Ligatures. No ligatures, so no hope of supporting Arabic or Devanagari.

Graphical effects. Though one of the advantages I cited above for stroke fonts is that you can do things like scale them, automatically make a compressed version, or add calligraphic emphasis at some angle, Smolhershey won’t do this for you; you have to do it yourself in your draw_line function.

License: 2-clause BSD

Copyright 02024 Kragen Javier Sitaker

Redistribution and use in source and binary forms, with or without modification, are permitted provided that the following conditions are met:

  1. Redistributions of source code must retain the above copyright notice, this list of conditions and the following disclaimer.

  2. Redistributions in binary form must reproduce the above copyright notice, this list of conditions and the following disclaimer in the documentation and/or other materials provided with the distribution.

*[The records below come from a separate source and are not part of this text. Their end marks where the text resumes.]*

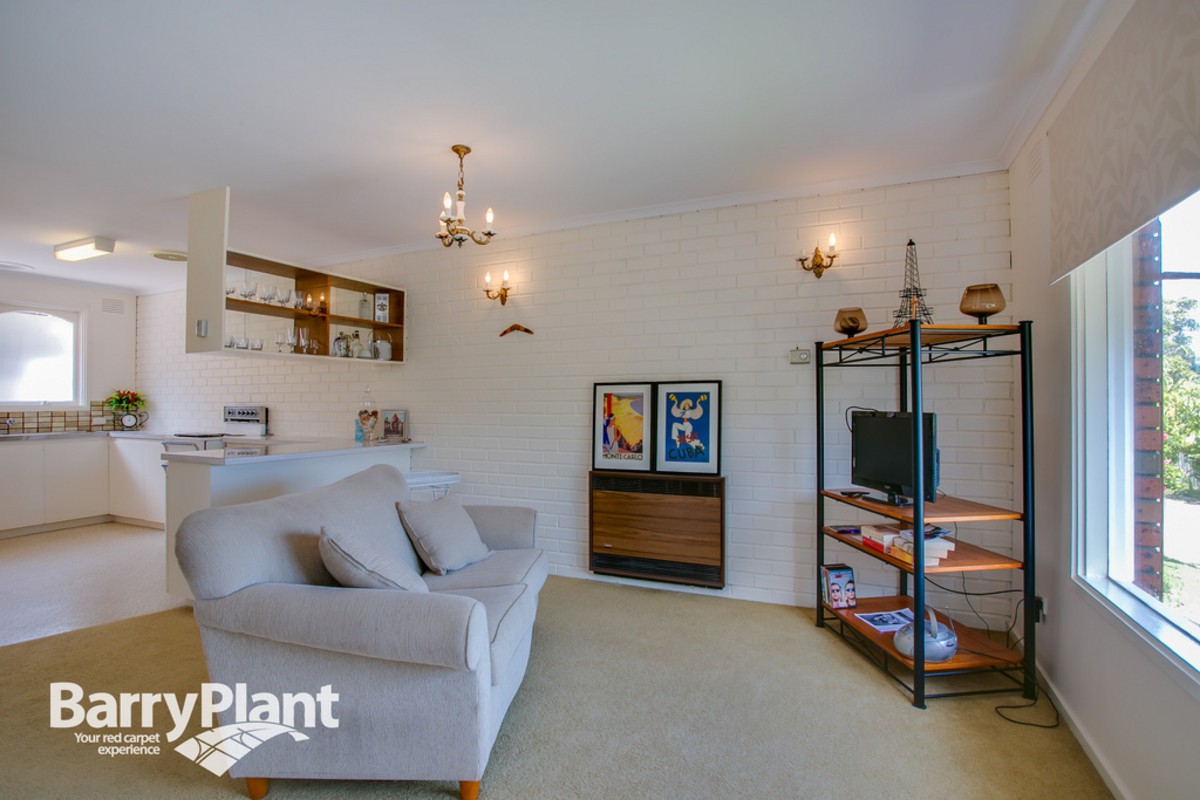 3/14 William Street, Mccrae, VIC 3938 - Thumbnail 1 - 18/05/2019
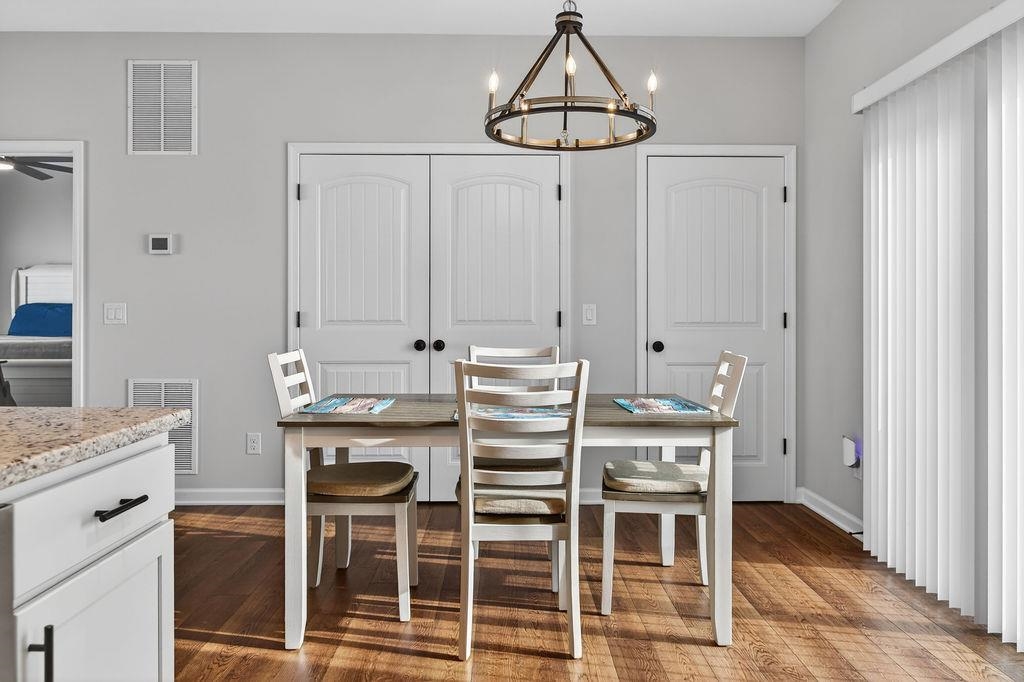 125 Springridge Lane Fairfield, VA 24435 - Photo 14 of 34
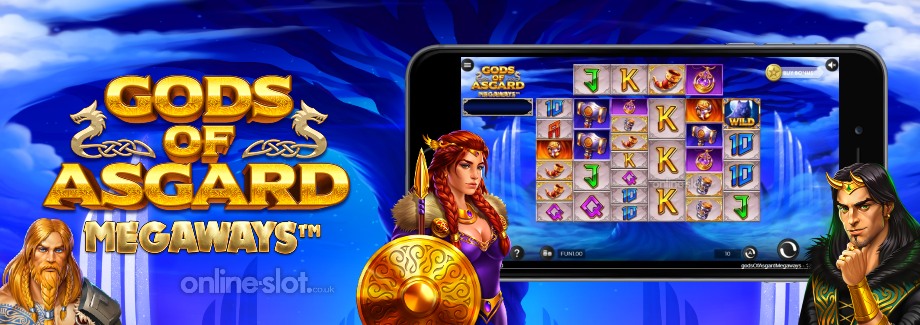 gods-of-asgard-megaways-mobile-slot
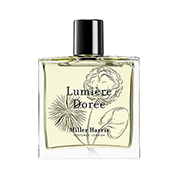 Miller Harris Lumière Dorée Eau de Parfum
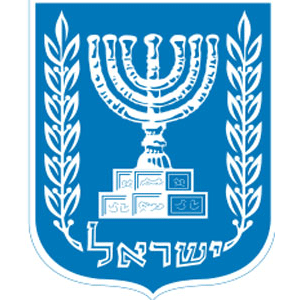 בית המשפט המחוזי בירושלים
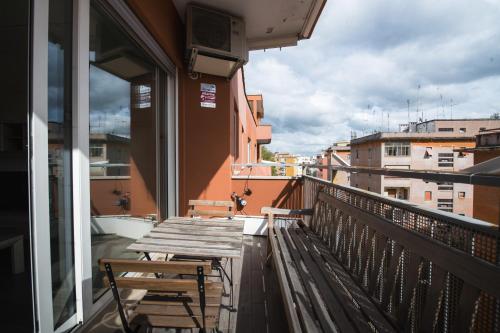 Time 4 Rome - image 7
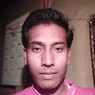 Samar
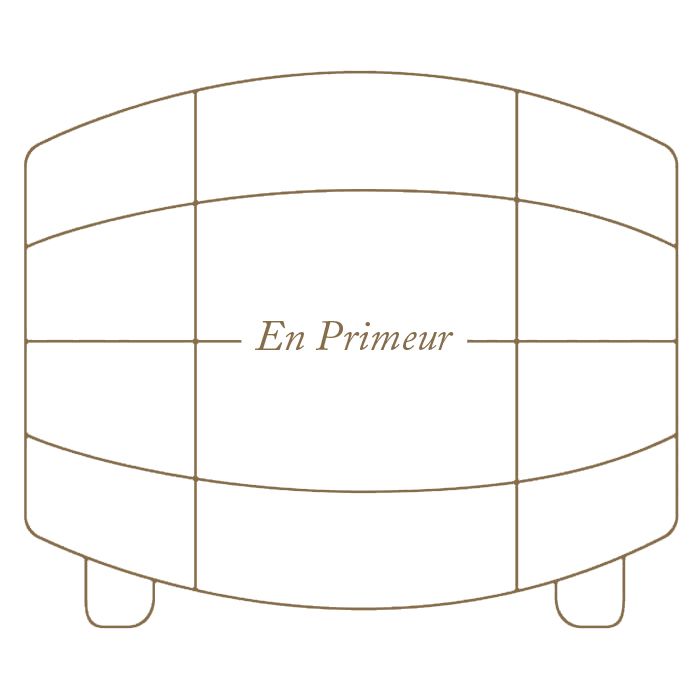 En Primeur Product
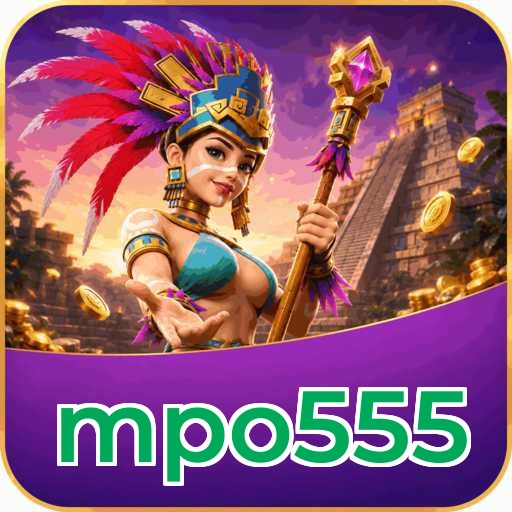 mpo555 APK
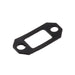 MUSB2B551041BP by Amphenol ICC (Commercial Products) - CONNECTOR USB A RUGGED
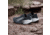 Adidas Terrex IE0813 TERREX AGRAVIC 3 W, Womens, CBLACK/GREONE/GRESIX, 9.5, IE0813-9.5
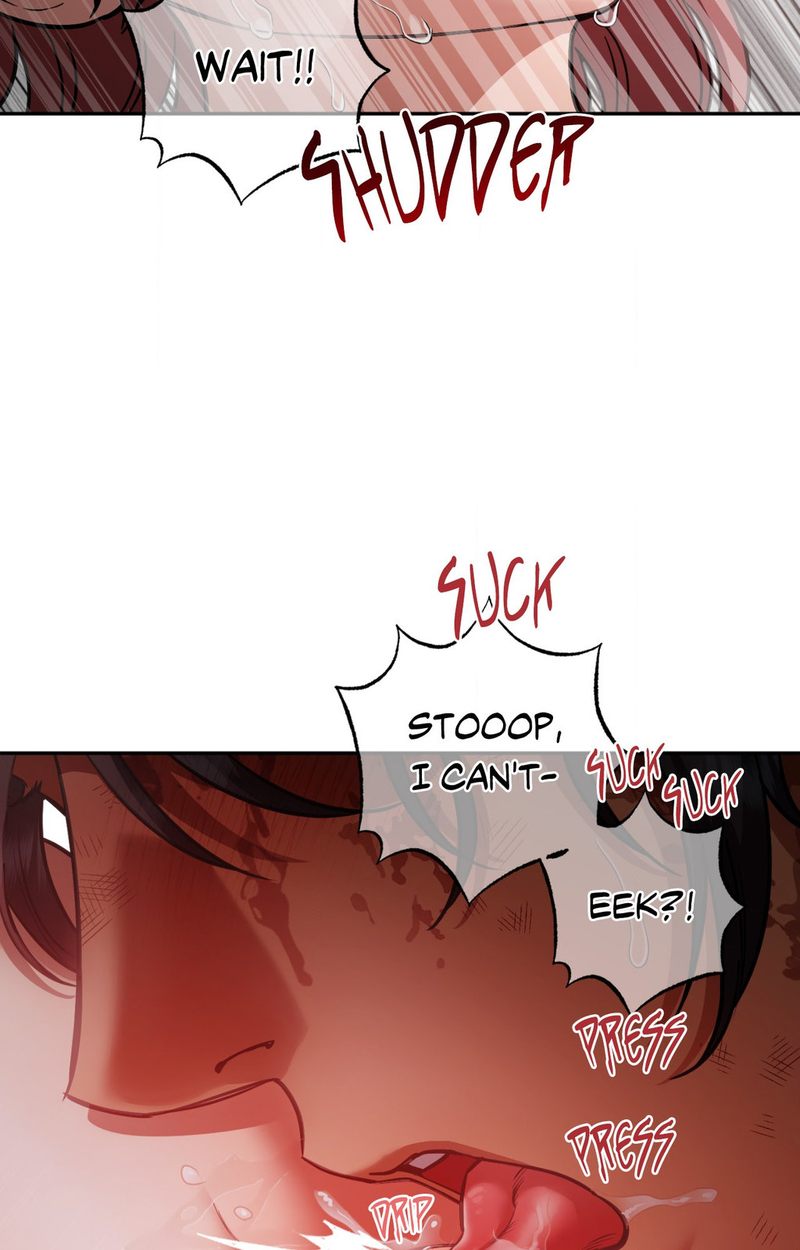 hanas-demons-of-lust-chap-122-86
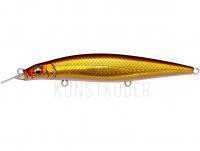 Wobbler Megabass Cookai Bring 130 F 22g - GG Akakin Sparkle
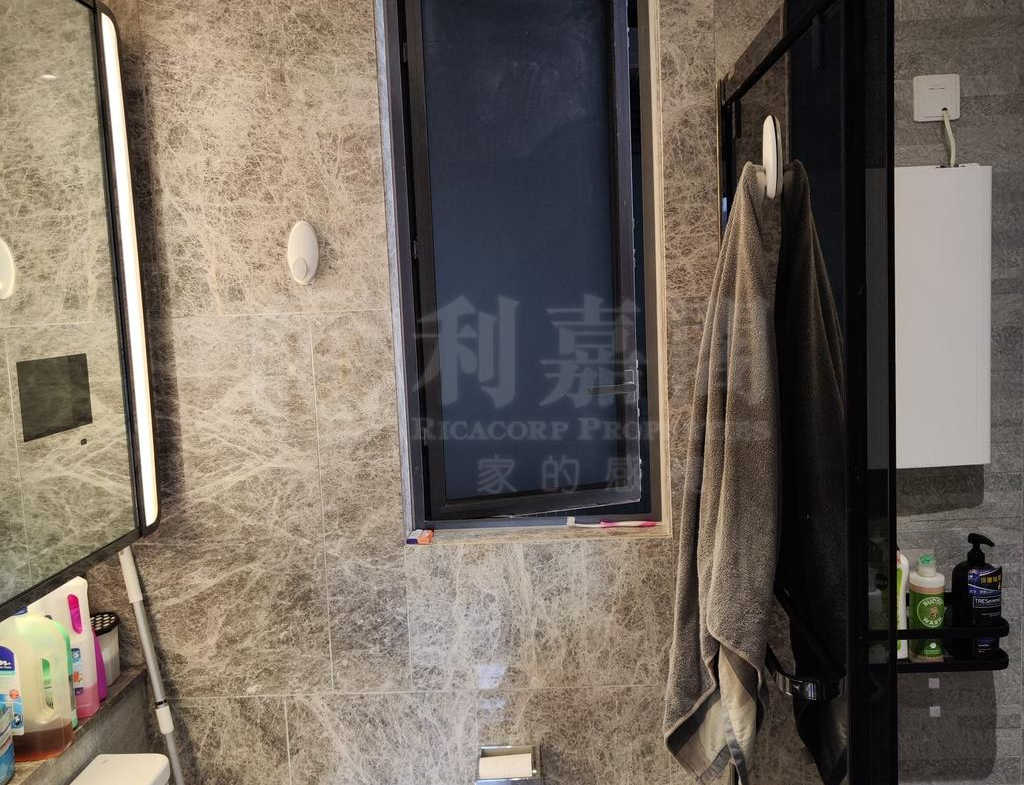 迎海 2期 迎海‧星灣 19座 - 28NTS – 香港北部都會區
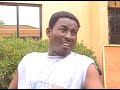 Mun dade da juna Hausa Song Official Video Ft Ahmad S Nuhu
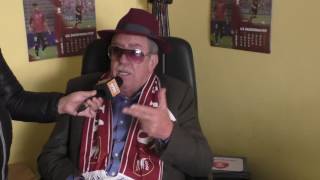 intervista-al-cav-antonio-guariglia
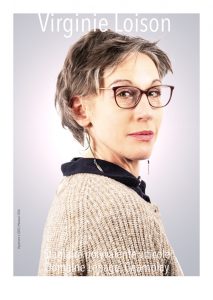 Loison Virginie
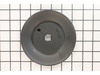 Pulley-deck – Part Number: 756-1187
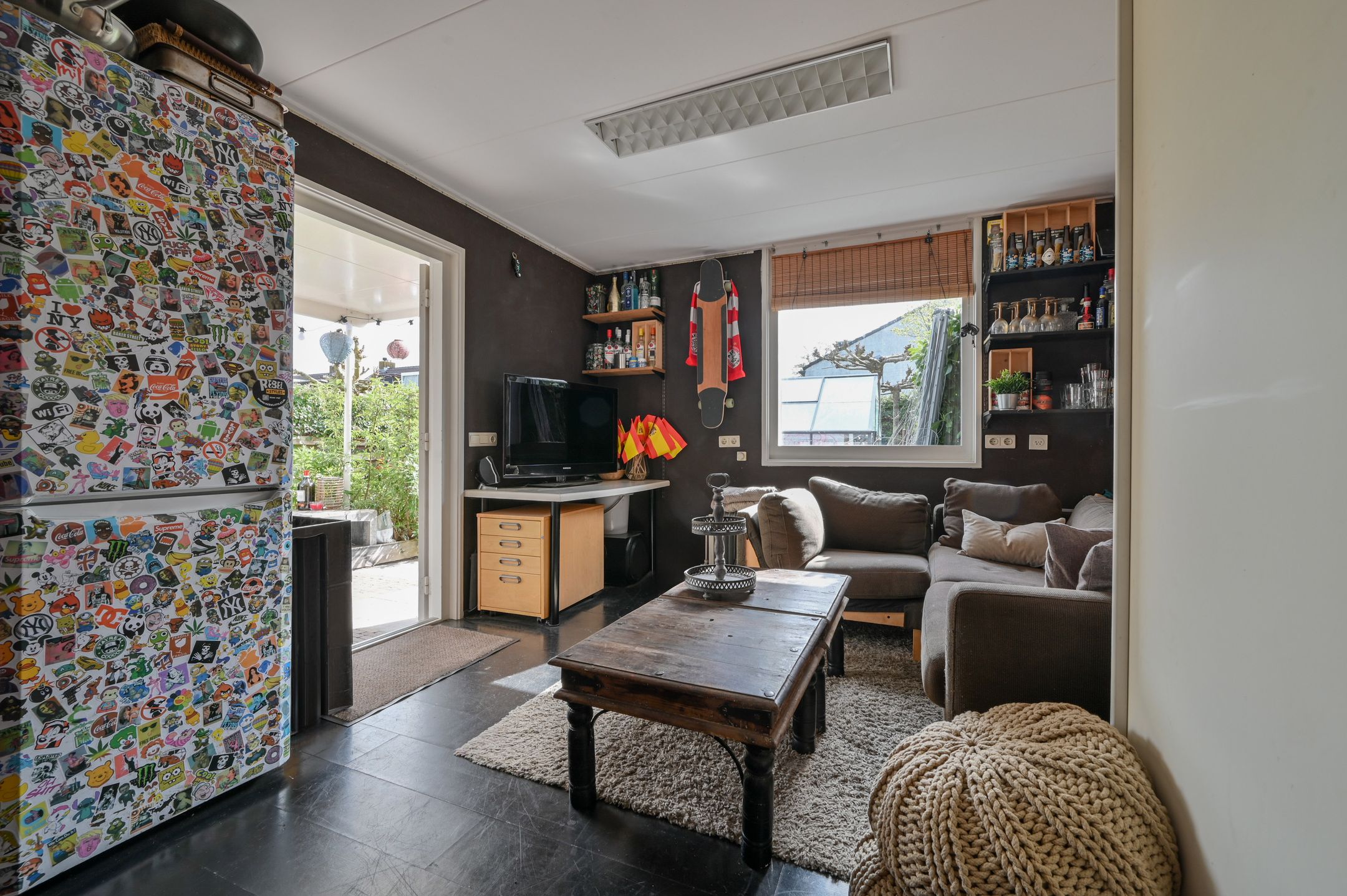 Foto 39 van Rozenobel 25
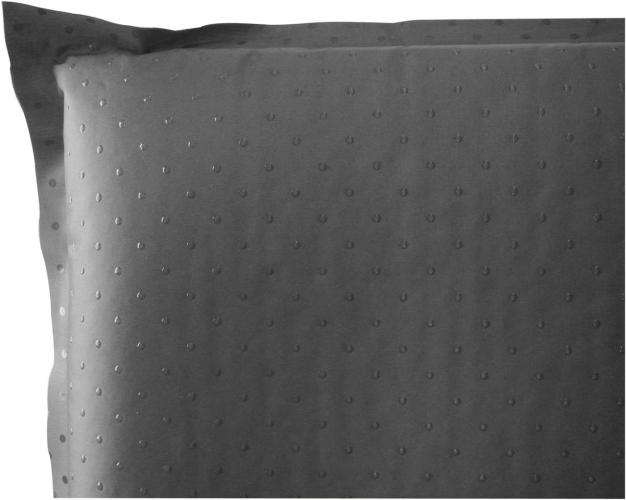 Abbey Inflatable Mattress  1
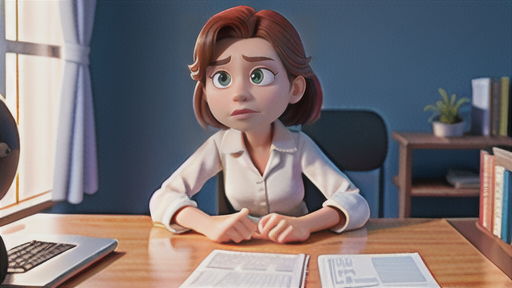 税制上の優遇措置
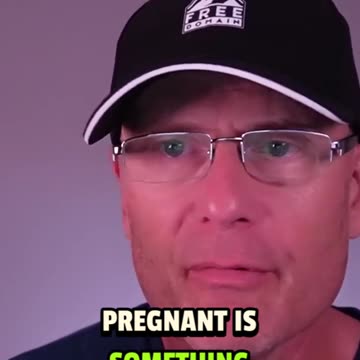 The Pregnancy Paradox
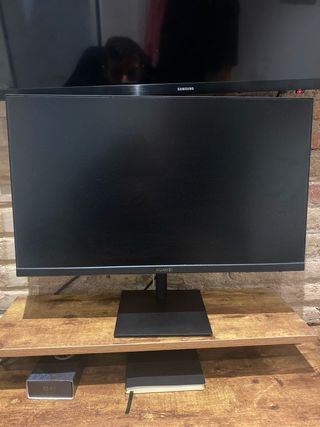 HUAWEI AD80  Monitor de 238" FullHD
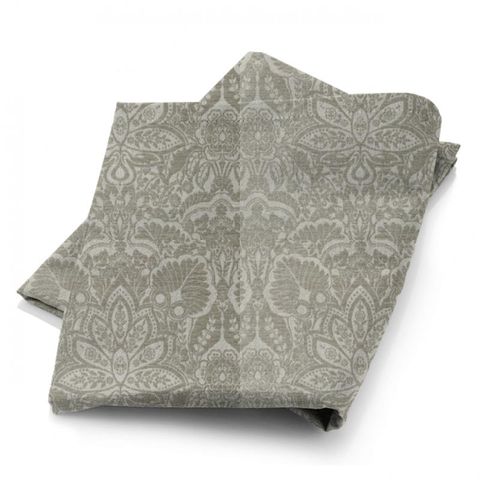 Waldorf Linen Fabric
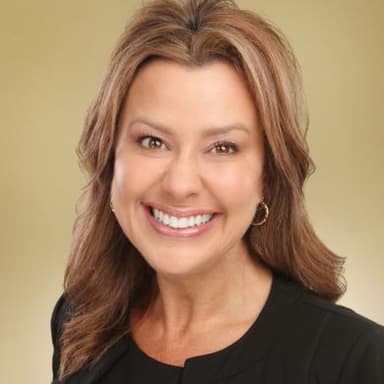 Image of Juliana Davis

THIS SOFTWARE IS PROVIDED BY THE COPYRIGHT HOLDERS AND CONTRIBUTORS “AS IS” AND ANY EXPRESS OR IMPLIED WARRANTIES, INCLUDING, BUT NOT LIMITED TO, THE IMPLIED WARRANTIES OF MERCHANTABILITY AND FITNESS FOR A PARTICULAR PURPOSE ARE DISCLAIMED. IN NO EVENT SHALL THE COPYRIGHT HOLDER OR CONTRIBUTORS BE LIABLE FOR ANY DIRECT, INDIRECT, INCIDENTAL, SPECIAL, EXEMPLARY, OR CONSEQUENTIAL DAMAGES (INCLUDING, BUT NOT LIMITED TO, PROCUREMENT OF SUBSTITUTE GOODS OR SERVICES; LOSS OF USE, DATA, OR PROFITS; OR BUSINESS INTERRUPTION) HOWEVER CAUSED AND ON ANY THEORY OF LIABILITY, WHETHER IN CONTRACT, STRICT LIABILITY, OR TORT (INCLUDING NEGLIGENCE OR OTHERWISE) ARISING IN ANY WAY OUT OF THE USE OF THIS SOFTWARE, EVEN IF ADVISED OF THE POSSIBILITY OF SUCH DAMAGE.